Bei laufender Maschine werden beide Joche 21 und 22 von einem gemeinsamen (nicht gezeigten) Antrieb angetrieben, der auch die Klemmbackenpaare antreibt. Die Joche 21 und 22 bewegen sich in Abhängigkeit vom Antrieb in solcher Weise, dass das eine Joch zu seinem höchsten Punkt gelangt, während das andere sich mit dem zugehörigen Paar Klemmbacken in Eingriff mit dem Rohr 13 abwärts bewegt und dieses mitführt, d. h. eine entsprechende Länge der Materialbahn 2 von der Lieferrolle 1 abwickelt. Wenn das abwärts bewegte Joch den tiefsten Punkt erreicht hat, hat auch das aufwärts bewegte Joch den höchsten Punkt erreicht und wird durch den Antrieb das zugehörige Paar Klemmbacken gegen das Rohr 13 zum Anliegen gebracht, während das I Klemmbackenpaar des unteren Joches das Rohr freigibt usw.
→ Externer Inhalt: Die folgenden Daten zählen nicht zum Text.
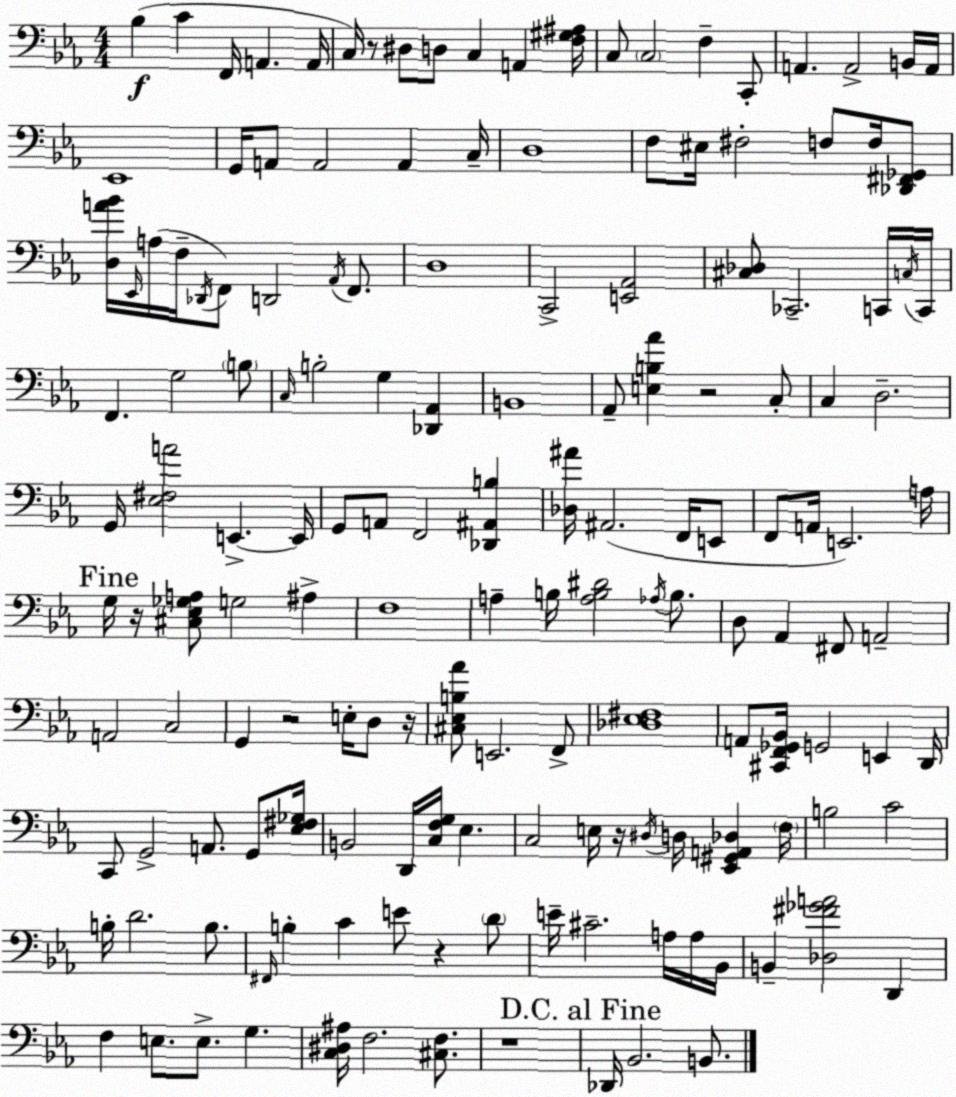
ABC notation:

X:1
T:Untitled
M:4/4
L:1/4
K:Eb
_B, C F,,/4 A,, A,,/4 C,/4 z/2 ^D,/2 D,/2 C, A,, [F,^G,^A,]/4 C,/2 C,2 F, C,,/2 A,, A,,2 B,,/4 A,,/4 _E,,4 G,,/4 A,,/2 A,,2 A,, C,/4 D,4 F,/2 ^E,/4 ^F,2 F,/2 F,/4 [_D,,^F,,_G,,]/2 [D,A_B]/4 _E,,/4 A,/4 F,/4 _D,,/4 F,,/2 D,,2 _A,,/4 F,,/2 D,4 C,,2 [E,,_A,,]2 [^C,_D,]/2 _C,,2 C,,/4 C,/4 C,,/4 F,, G,2 B,/2 C,/4 B,2 G, [_D,,_A,,] B,,4 _A,,/2 [E,B,_A] z2 C,/2 C, D,2 G,,/4 [_E,^F,A]2 E,, E,,/4 G,,/2 A,,/2 F,,2 [_D,,^A,,B,] [_D,^A]/4 ^A,,2 F,,/4 E,,/2 F,,/2 A,,/4 E,,2 A,/4 G,/4 z/4 [^C,_E,_G,A,]/2 G,2 ^A, F,4 A, B,/4 [A,B,^D]2 _A,/4 B,/2 D,/2 _A,, ^F,,/2 A,,2 A,,2 C,2 G,, z2 E,/4 D,/2 z/4 [^C,_E,B,_A]/2 E,,2 F,,/2 [_D,_E,^F,]4 A,,/2 [^C,,F,,_G,,_B,,]/4 G,,2 E,, D,,/4 C,,/2 G,,2 A,,/2 G,,/2 [_E,^F,_G,]/4 B,,2 D,,/4 [C,F,G,]/4 _E, C,2 E,/4 z/4 ^D,/4 D,/4 [_E,,^G,,A,,_D,] F,/4 B,2 C2 B,/4 D2 B,/2 ^F,,/4 B, C E/2 z D/2 E/4 ^C2 A,/4 A,/4 _B,,/4 B,, [_D,^F_GA]2 D,, F, E,/2 E,/2 G, [C,^D,^A,]/4 F,2 [^C,F,]/2 z4 _D,,/4 _B,,2 B,,/2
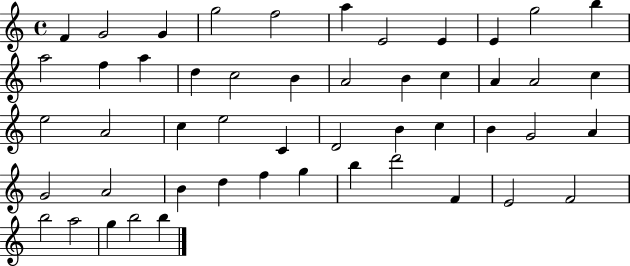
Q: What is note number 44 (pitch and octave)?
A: E4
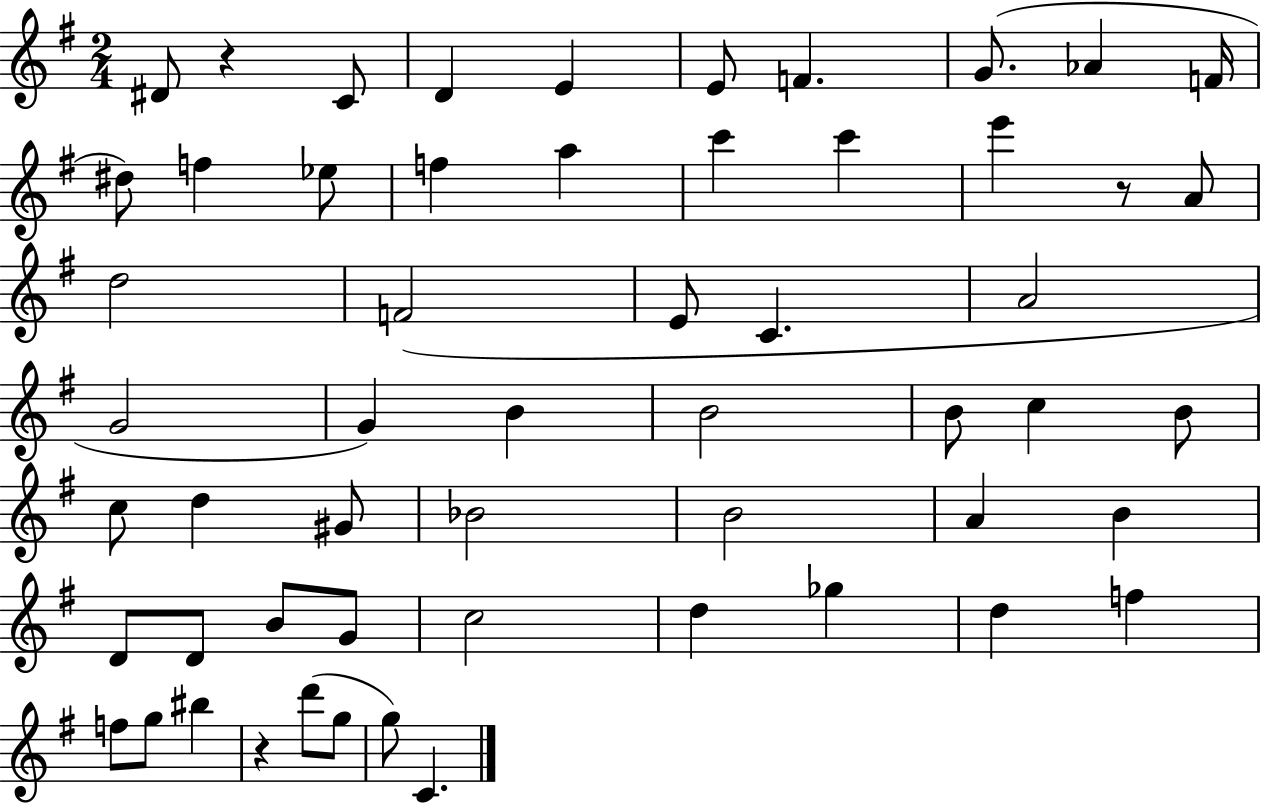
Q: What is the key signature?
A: G major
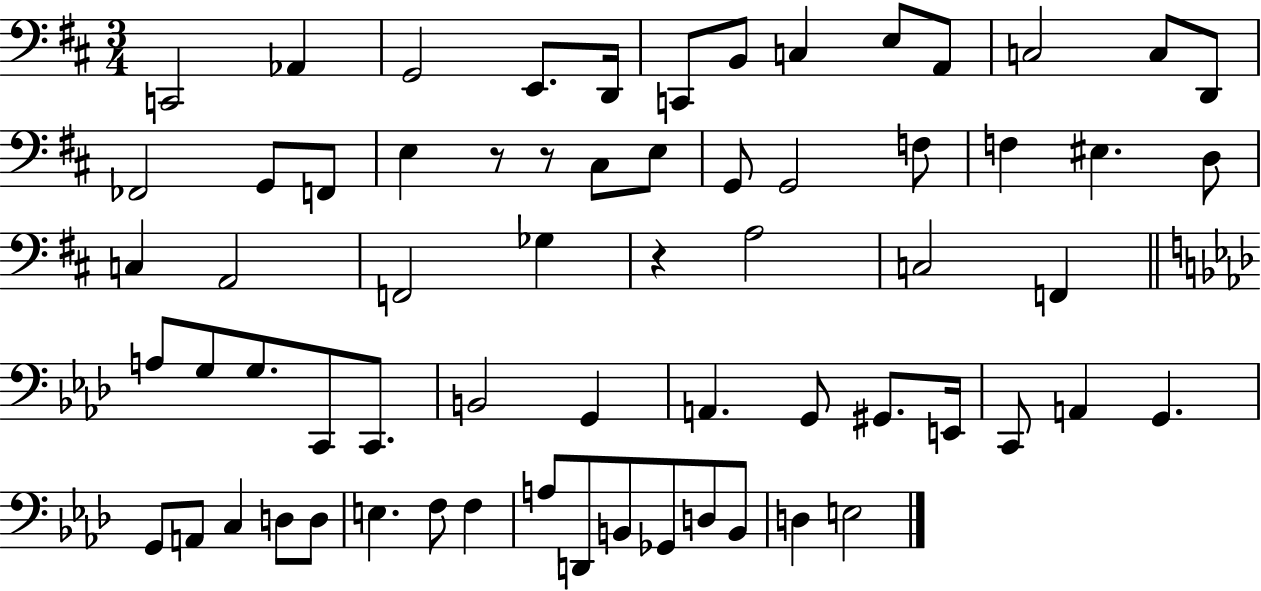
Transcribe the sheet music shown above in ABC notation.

X:1
T:Untitled
M:3/4
L:1/4
K:D
C,,2 _A,, G,,2 E,,/2 D,,/4 C,,/2 B,,/2 C, E,/2 A,,/2 C,2 C,/2 D,,/2 _F,,2 G,,/2 F,,/2 E, z/2 z/2 ^C,/2 E,/2 G,,/2 G,,2 F,/2 F, ^E, D,/2 C, A,,2 F,,2 _G, z A,2 C,2 F,, A,/2 G,/2 G,/2 C,,/2 C,,/2 B,,2 G,, A,, G,,/2 ^G,,/2 E,,/4 C,,/2 A,, G,, G,,/2 A,,/2 C, D,/2 D,/2 E, F,/2 F, A,/2 D,,/2 B,,/2 _G,,/2 D,/2 B,,/2 D, E,2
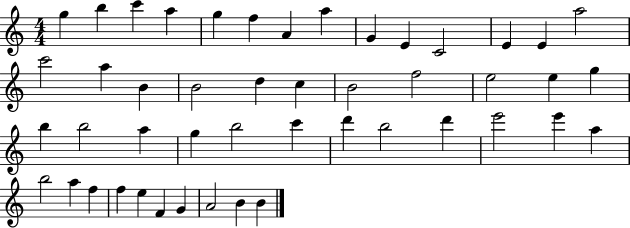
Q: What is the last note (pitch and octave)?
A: B4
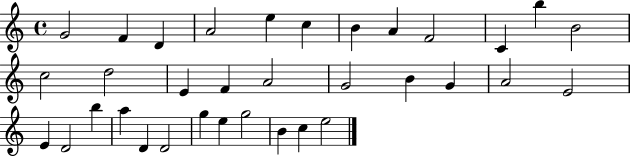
G4/h F4/q D4/q A4/h E5/q C5/q B4/q A4/q F4/h C4/q B5/q B4/h C5/h D5/h E4/q F4/q A4/h G4/h B4/q G4/q A4/h E4/h E4/q D4/h B5/q A5/q D4/q D4/h G5/q E5/q G5/h B4/q C5/q E5/h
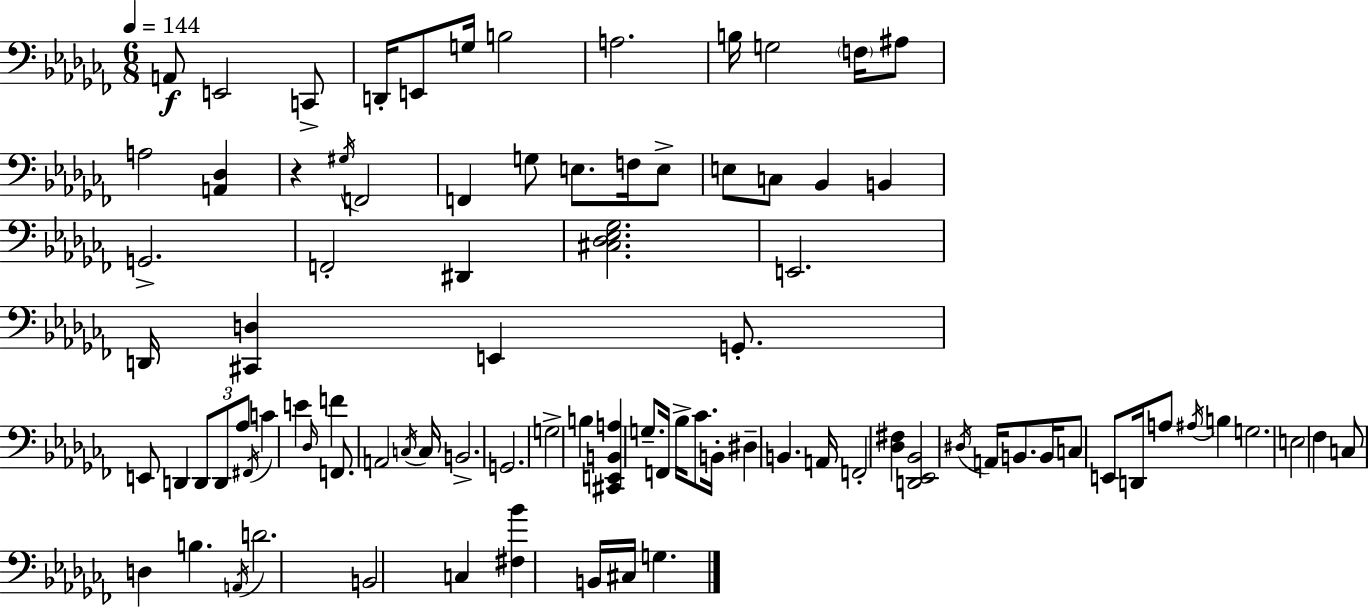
{
  \clef bass
  \numericTimeSignature
  \time 6/8
  \key aes \minor
  \tempo 4 = 144
  a,8\f e,2 c,8-> | d,16-. e,8 g16 b2 | a2. | b16 g2 \parenthesize f16 ais8 | \break a2 <a, des>4 | r4 \acciaccatura { gis16 } f,2 | f,4 g8 e8. f16 e8-> | e8 c8 bes,4 b,4 | \break g,2.-> | f,2-. dis,4 | <cis des ees ges>2. | e,2. | \break d,16 <cis, d>4 e,4 g,8.-. | e,8 d,4 \tuplet 3/2 { d,8 d,8 aes8 } | \acciaccatura { fis,16 } c'4 e'4 \grace { des16 } f'4 | f,8. a,2 | \break \acciaccatura { c16 } c16 b,2.-> | g,2. | g2-> | b4 <cis, e, b, a>4 g8.-- f,16 | \break bes16-> ces'8. b,16-. dis4-- b,4. | a,16 f,2-. | <des fis>4 <d, ees, bes,>2 | \acciaccatura { dis16 } a,16 b,8. b,16 c8 e,8 d,16 a8 | \break \acciaccatura { ais16 } b4 g2. | e2 | fes4 c8 d4 | b4. \acciaccatura { a,16 } d'2. | \break b,2 | c4 <fis bes'>4 b,16 | cis16 g4. \bar "|."
}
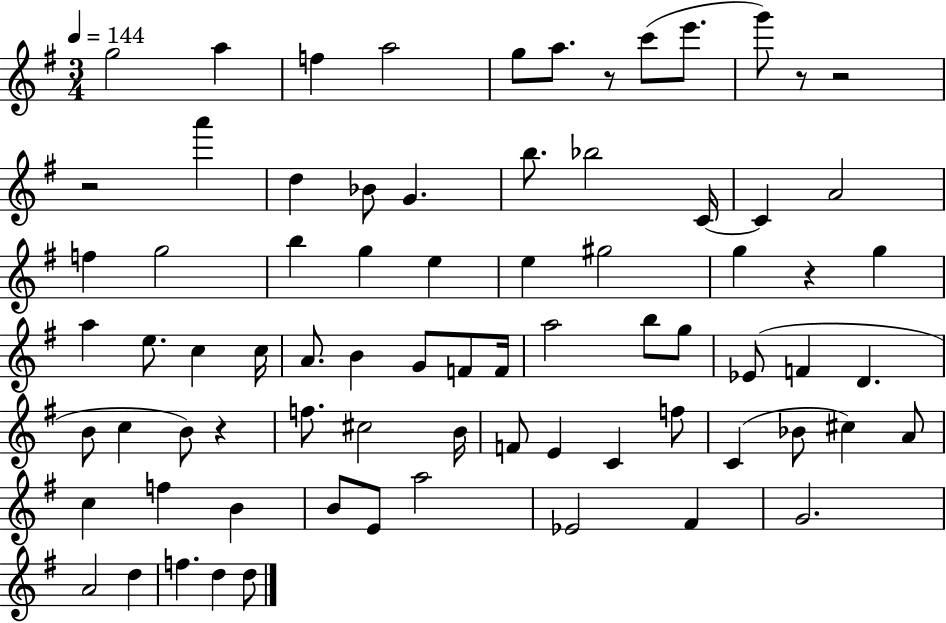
G5/h A5/q F5/q A5/h G5/e A5/e. R/e C6/e E6/e. G6/e R/e R/h R/h A6/q D5/q Bb4/e G4/q. B5/e. Bb5/h C4/s C4/q A4/h F5/q G5/h B5/q G5/q E5/q E5/q G#5/h G5/q R/q G5/q A5/q E5/e. C5/q C5/s A4/e. B4/q G4/e F4/e F4/s A5/h B5/e G5/e Eb4/e F4/q D4/q. B4/e C5/q B4/e R/q F5/e. C#5/h B4/s F4/e E4/q C4/q F5/e C4/q Bb4/e C#5/q A4/e C5/q F5/q B4/q B4/e E4/e A5/h Eb4/h F#4/q G4/h. A4/h D5/q F5/q. D5/q D5/e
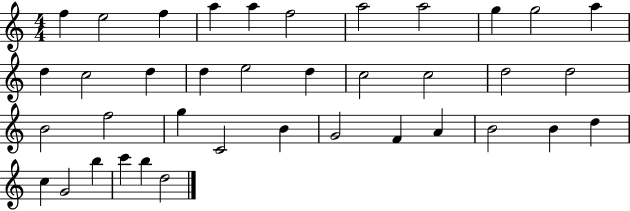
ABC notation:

X:1
T:Untitled
M:4/4
L:1/4
K:C
f e2 f a a f2 a2 a2 g g2 a d c2 d d e2 d c2 c2 d2 d2 B2 f2 g C2 B G2 F A B2 B d c G2 b c' b d2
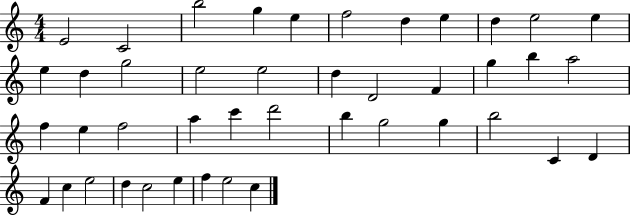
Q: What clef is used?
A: treble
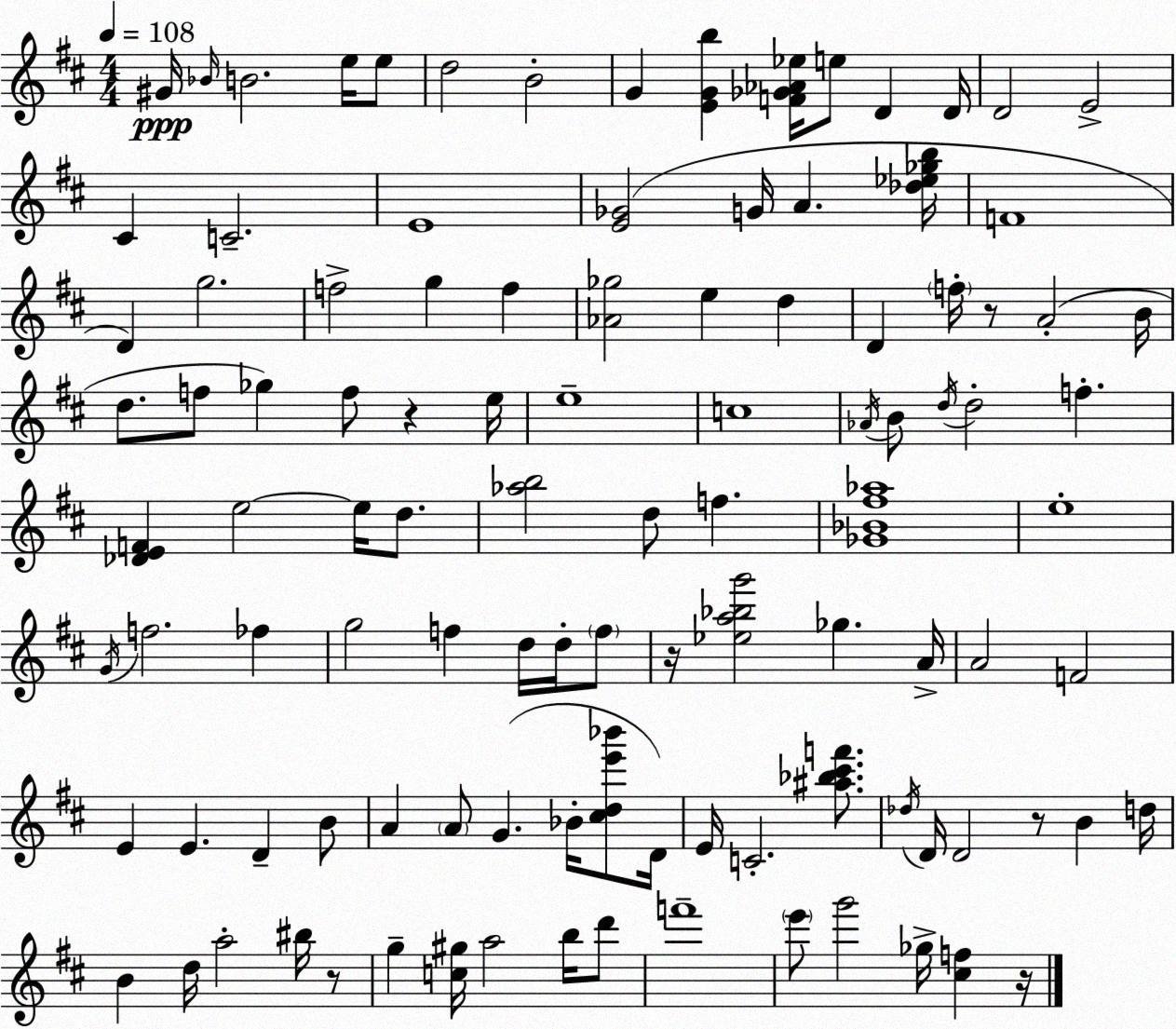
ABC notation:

X:1
T:Untitled
M:4/4
L:1/4
K:D
^G/4 _B/4 B2 e/4 e/2 d2 B2 G [EGb] [F_G_A_e]/4 e/2 D D/4 D2 E2 ^C C2 E4 [E_G]2 G/4 A [_d_e_gb]/4 F4 D g2 f2 g f [_A_g]2 e d D f/4 z/2 A2 B/4 d/2 f/2 _g f/2 z e/4 e4 c4 _A/4 B/2 d/4 d2 f [_DEF] e2 e/4 d/2 [_ab]2 d/2 f [_G_B^f_a]4 e4 G/4 f2 _f g2 f d/4 d/4 f/2 z/4 [_ea_bg']2 _g A/4 A2 F2 E E D B/2 A A/2 G _B/4 [^cde'_b']/2 D/4 E/4 C2 [^a_b^c'f']/2 _d/4 D/4 D2 z/2 B d/4 B d/4 a2 ^b/4 z/2 g [c^g]/4 a2 b/4 d'/2 f'4 e'/2 g'2 _g/4 [^cf] z/4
In zeitlicher Abstimmung auf die Rohrzuführung, d. h. die Herstellung von Packungen, wird das betreffende Füllmaterial dem Innern des hergestellten Rohres 13 über das Zuführrohr 20 und das Füllrohr 14 zugeführt. Die Zufuhr des Füllmaterials kann beispielsweise mittels einer Beschickungspumpe erfolgen, die durch den oben angegebenen Antrieb oder dgl. angetrieben wird.
Um zu bewirken, dass die Bildung des Rohres ohne Spannungen und unabhängig von Spannungs änderungen erfolgt, die durch die gleichzeitige Zuführung von Rohr und die Bildung der Packungen erzeugt werden, ist die Trommel 12 am einen Ende einer Traggabel 25 angeordnet, deren anderes Ende an einem (nicht gezeigten) parallel zur Achse der Trommel 12 angeordneten Stift drehbar angeordnet ist. Durch (nicht gezeigte) Kupplungsmittel ist die Traggabel 25 mit dem Antrieb in solcher Weise verbunden, dass die Trommel in zeitlicher Abstimmung auf den abwärtsgerichteten Rohrvorschub um einen Betrag, der zumindest angenähert dem Rohrvorschub entspricht, abwärts schwingt, um dann wieder aufwärts zu schwingen und dabei ein entsprechendes Stück der Materialbahn 2' von der Abgaberolle 1 abzuwickeln.
Die Erfindung ermöglicht demnach die Aufteilung des Rohrformungsvorganges in zwei Rohrformungsstufen mit einer Zwischenstufe für die Weiterführung oder Umlenkung der Materialbahn. Dadurch muss der Rohrformungsvorgang nicht mer ausschliesslich in Richtung der Rohrachse oder ihrer Verlängerung erfolgen, sondern die erste Stufe der Rohrformung kann räumlich verlegt werden, so kann sie z. B. parallel zur zweiten Stufe aber mit umgekehrter Bewegungsrichtung der Materialbahn durchgeführt werden, wie das in der Zeichnung veranschaulicht und oben beschrieben wurde.